(Data for processing begins)

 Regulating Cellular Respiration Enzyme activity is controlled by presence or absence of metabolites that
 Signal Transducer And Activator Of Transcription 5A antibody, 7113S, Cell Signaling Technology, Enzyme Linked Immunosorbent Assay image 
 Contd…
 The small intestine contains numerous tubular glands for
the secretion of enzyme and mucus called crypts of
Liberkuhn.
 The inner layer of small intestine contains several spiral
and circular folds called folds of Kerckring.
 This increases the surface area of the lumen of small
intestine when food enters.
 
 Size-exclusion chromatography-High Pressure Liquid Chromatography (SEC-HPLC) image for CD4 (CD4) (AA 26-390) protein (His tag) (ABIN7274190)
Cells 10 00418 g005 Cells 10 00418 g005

(Data for processing ends)
(Data for processing begins)

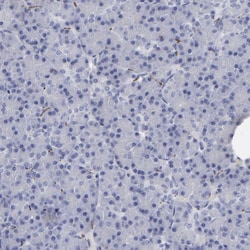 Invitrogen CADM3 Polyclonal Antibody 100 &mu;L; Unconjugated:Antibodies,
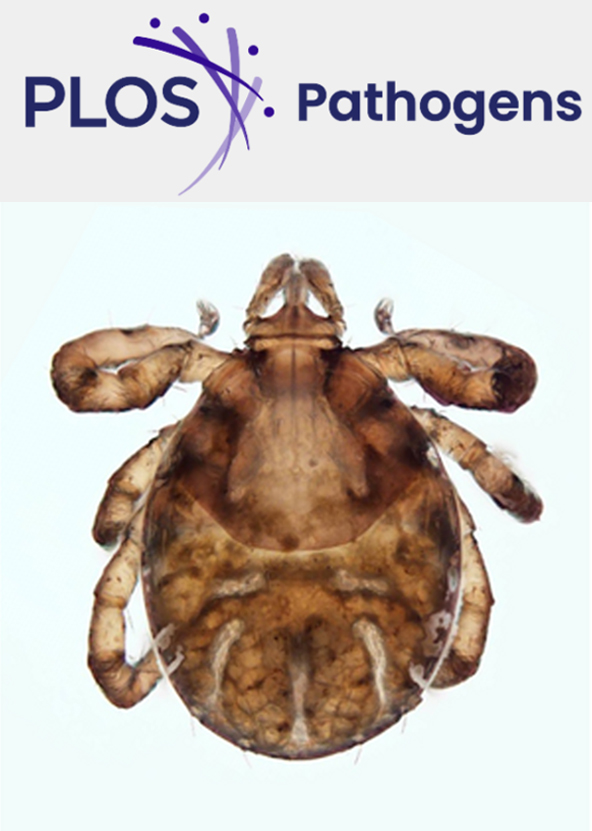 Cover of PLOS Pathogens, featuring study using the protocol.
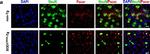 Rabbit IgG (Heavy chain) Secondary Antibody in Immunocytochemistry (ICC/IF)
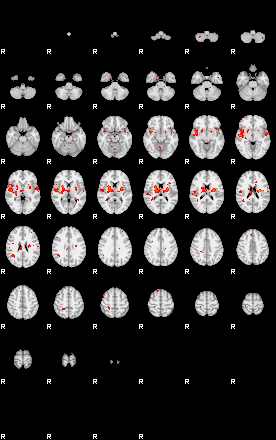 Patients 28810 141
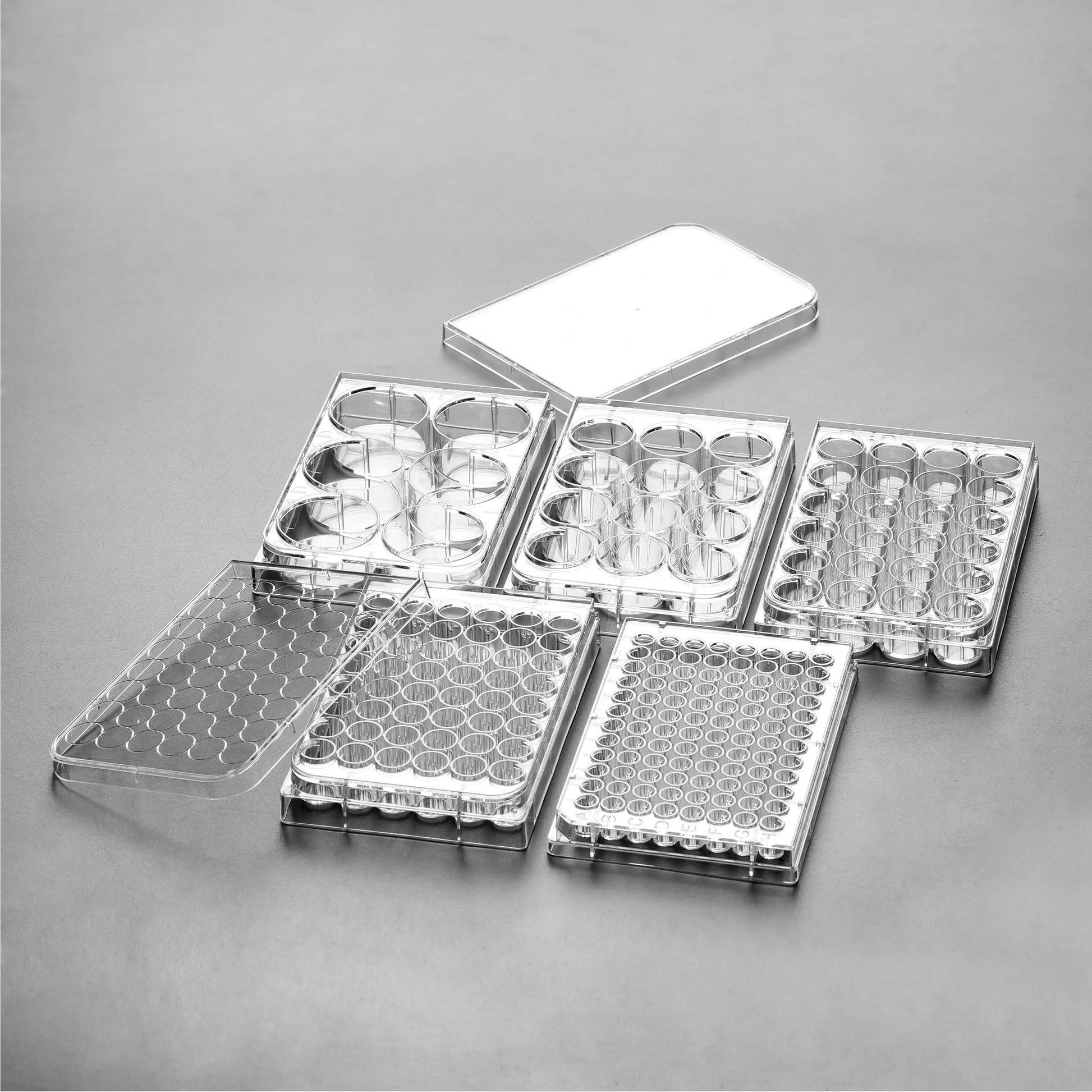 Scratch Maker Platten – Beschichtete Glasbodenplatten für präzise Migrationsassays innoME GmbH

(Data for processing ends)

In the entries above, copy each line that contains the string "small".

 The small intestine contains numerous tubular glands for
 The inner layer of small intestine contains several spiral
 This increases the surface area of the lumen of small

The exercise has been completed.